Nobody wants to be the adult child who brings up the will. It feels like you are counting the money before your parent has died, or pressuring them, or signaling that you care more about what you will inherit than about them. But leaving the conversation until it is too late , or until cognitive decline makes it impossible , creates far worse problems. Here is how to have it well.
Quick answers
- Frame it as protecting your parent's wishes, not yours
- The conversation is about making sure documents exist and are current , not about the contents
- An elder law attorney should be involved , do not DIY estate documents
- Make sure powers of attorney and healthcare proxies are in place before cognitive decline makes them impossible to execute
- Have the conversation when things are calm, not during or after a health crisis
Why This Conversation Matters
Many older adults have wills and estate documents that are decades out of date. Assets, family situations, and wishes change. A will written when children were young may not reflect a parent's current intentions. A power of attorney naming a spouse who has since died needs to be updated.

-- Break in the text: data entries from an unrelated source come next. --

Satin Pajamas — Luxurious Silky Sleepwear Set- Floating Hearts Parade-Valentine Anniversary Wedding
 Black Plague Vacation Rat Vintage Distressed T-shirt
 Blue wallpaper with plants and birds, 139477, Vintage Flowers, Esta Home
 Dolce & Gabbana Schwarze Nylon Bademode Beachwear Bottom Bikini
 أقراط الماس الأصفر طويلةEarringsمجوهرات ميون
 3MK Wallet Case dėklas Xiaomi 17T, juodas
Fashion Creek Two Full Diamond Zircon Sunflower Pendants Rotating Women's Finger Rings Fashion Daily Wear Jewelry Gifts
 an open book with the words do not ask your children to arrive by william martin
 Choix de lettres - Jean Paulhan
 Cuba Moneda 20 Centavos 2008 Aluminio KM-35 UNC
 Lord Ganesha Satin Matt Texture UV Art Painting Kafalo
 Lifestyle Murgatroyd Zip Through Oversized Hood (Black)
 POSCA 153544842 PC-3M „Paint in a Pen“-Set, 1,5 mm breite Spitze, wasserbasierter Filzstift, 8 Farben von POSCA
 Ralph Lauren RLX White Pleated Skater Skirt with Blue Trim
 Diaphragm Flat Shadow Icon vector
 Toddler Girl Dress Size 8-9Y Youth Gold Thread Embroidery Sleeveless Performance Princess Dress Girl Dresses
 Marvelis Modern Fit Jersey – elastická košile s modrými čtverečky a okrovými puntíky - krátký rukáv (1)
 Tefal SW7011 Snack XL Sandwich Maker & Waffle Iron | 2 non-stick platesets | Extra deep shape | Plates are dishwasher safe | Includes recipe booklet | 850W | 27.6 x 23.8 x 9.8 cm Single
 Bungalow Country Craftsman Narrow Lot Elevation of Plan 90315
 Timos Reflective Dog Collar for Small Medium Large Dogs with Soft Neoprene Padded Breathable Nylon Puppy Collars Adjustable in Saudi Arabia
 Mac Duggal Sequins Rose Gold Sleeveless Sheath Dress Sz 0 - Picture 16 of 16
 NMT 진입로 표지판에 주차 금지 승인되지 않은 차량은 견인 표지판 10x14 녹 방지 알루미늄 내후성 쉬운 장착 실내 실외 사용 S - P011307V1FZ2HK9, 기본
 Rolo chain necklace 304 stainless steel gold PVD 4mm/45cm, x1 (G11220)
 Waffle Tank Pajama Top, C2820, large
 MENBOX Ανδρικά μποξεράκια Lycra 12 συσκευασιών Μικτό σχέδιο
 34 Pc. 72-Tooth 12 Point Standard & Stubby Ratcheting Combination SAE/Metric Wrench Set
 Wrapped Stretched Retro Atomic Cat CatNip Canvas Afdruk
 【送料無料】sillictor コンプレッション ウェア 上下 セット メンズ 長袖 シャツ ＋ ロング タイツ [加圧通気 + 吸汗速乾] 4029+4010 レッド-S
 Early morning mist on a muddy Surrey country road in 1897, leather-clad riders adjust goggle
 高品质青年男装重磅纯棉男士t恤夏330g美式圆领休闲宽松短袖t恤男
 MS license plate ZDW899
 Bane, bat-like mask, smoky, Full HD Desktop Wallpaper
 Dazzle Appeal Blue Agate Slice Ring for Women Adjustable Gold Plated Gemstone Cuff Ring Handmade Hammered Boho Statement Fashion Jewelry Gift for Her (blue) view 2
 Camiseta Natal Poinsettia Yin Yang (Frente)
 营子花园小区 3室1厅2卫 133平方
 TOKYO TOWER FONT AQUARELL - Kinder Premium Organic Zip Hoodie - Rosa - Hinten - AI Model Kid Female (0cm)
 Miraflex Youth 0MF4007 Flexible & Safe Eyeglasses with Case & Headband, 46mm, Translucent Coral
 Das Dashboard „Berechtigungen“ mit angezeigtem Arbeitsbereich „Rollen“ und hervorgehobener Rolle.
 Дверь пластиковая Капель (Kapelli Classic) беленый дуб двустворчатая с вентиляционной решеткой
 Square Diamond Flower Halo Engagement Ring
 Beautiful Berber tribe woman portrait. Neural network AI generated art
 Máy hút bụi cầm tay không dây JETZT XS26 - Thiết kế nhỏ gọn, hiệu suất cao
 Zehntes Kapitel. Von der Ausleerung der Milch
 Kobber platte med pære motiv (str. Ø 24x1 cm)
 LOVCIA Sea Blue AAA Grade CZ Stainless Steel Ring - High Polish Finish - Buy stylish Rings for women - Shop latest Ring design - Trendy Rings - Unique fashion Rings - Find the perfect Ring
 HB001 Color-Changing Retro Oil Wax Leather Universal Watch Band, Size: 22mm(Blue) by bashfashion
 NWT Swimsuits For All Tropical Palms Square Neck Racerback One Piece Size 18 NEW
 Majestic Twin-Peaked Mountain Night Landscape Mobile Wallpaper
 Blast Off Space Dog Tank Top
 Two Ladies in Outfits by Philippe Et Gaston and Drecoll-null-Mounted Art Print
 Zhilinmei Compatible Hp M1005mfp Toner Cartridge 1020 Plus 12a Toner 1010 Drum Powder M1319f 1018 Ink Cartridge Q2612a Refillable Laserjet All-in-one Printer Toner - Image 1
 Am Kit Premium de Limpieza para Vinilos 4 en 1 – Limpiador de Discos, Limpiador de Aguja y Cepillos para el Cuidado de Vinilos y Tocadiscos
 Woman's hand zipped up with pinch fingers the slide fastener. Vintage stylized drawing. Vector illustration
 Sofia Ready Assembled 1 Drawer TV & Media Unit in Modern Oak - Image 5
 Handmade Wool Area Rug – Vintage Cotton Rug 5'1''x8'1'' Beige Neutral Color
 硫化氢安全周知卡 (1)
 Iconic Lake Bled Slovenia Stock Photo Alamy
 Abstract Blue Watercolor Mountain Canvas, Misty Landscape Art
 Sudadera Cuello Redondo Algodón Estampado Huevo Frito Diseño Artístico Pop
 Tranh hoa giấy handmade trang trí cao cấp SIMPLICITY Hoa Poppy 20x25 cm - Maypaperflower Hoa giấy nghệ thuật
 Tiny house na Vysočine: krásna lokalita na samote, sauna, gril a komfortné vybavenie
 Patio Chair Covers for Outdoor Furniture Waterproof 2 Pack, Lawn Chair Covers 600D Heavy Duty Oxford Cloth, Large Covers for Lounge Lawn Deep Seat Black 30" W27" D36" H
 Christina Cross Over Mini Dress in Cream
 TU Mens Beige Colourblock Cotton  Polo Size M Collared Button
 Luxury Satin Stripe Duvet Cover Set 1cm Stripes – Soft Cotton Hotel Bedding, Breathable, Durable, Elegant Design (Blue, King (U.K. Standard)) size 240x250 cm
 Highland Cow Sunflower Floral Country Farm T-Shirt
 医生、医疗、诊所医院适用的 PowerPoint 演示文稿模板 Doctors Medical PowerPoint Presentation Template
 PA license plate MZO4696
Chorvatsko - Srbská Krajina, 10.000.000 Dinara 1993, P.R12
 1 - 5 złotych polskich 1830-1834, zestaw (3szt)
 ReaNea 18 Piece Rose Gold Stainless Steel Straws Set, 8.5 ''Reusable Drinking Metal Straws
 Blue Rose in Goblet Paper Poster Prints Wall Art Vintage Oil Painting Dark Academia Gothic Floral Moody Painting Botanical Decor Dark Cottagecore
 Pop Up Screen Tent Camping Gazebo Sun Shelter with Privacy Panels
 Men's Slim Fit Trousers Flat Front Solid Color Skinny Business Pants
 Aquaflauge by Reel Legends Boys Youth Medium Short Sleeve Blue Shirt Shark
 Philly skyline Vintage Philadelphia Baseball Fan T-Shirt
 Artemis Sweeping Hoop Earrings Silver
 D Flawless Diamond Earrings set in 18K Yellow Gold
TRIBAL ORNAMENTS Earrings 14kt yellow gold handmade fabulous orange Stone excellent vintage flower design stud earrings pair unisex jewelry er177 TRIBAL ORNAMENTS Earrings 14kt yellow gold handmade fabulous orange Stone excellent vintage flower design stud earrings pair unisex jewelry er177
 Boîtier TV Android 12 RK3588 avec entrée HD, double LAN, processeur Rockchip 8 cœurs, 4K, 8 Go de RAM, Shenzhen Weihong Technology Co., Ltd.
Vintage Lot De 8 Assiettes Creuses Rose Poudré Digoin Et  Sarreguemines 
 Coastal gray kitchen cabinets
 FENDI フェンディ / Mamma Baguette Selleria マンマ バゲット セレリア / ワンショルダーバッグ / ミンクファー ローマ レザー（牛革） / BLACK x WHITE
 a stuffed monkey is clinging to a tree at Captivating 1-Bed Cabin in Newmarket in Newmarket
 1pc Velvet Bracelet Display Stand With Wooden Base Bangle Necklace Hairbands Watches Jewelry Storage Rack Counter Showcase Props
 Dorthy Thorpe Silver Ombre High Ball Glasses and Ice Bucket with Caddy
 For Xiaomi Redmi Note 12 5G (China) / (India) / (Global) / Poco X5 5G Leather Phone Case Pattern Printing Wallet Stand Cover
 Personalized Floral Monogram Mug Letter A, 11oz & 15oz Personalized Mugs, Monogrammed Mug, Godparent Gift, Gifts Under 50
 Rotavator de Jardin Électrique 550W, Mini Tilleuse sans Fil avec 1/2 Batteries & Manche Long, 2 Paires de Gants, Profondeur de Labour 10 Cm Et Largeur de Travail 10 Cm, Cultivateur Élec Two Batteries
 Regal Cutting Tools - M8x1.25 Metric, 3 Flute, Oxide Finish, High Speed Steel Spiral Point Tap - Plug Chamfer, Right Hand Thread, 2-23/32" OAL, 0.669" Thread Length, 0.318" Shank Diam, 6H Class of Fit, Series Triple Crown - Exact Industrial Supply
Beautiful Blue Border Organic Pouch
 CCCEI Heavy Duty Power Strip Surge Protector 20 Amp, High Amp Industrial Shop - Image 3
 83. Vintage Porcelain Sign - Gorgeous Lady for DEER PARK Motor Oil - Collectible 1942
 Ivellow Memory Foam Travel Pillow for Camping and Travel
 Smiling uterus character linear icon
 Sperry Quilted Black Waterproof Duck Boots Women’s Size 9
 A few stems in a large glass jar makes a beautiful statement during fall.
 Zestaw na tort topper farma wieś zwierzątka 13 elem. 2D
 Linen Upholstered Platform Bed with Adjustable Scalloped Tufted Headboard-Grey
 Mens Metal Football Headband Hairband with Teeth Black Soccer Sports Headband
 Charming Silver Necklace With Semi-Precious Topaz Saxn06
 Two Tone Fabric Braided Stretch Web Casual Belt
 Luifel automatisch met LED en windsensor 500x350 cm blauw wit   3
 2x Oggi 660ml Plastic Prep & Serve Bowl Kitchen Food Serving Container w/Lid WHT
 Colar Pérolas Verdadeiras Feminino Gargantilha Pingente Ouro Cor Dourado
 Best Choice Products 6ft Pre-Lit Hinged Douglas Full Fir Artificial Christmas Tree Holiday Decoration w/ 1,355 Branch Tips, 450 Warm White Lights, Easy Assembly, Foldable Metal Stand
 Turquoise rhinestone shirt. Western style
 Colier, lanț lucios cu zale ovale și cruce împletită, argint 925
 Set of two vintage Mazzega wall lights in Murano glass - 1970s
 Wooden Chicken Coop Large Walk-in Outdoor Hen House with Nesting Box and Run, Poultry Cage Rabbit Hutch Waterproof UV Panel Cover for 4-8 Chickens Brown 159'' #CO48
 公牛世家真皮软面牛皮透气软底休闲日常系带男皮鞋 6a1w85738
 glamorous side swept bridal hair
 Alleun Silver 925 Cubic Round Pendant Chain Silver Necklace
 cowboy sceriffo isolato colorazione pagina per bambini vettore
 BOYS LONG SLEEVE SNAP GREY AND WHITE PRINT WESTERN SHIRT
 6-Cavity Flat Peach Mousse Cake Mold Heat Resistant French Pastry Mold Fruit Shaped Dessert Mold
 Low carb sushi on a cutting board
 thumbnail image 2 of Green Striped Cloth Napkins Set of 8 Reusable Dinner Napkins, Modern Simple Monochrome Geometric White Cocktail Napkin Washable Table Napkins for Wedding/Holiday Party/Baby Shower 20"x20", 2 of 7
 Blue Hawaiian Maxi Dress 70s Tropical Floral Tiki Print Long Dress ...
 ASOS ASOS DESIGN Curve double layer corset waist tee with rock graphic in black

Beyond the will itself, the most time-sensitive documents are powers of attorney. A durable power of attorney for finances and a healthcare proxy allow a designated person to make decisions when your parent cannot. These documents require your parent to have legal capacity when they sign them. Once significant cognitive decline sets in, it may be legally impossible to execute new POA documents. Waiting is not neutral , it narrows options.
How to Raise It
Frame it around their wishes, not your inheritance
'I want to make sure that whatever you want to happen with your things and your care actually happens. And I realized I don't know if your documents are current.' This framing is accurate and positions you as protecting their interests.
Use a natural opening if one presents itself
A friend's death, a news story about estate problems, a recent health event , these create natural openings. 'After what happened with Uncle Jim's estate, I've been thinking we should make sure everything is in order for you.' Less confrontational than a cold introduction of the topic.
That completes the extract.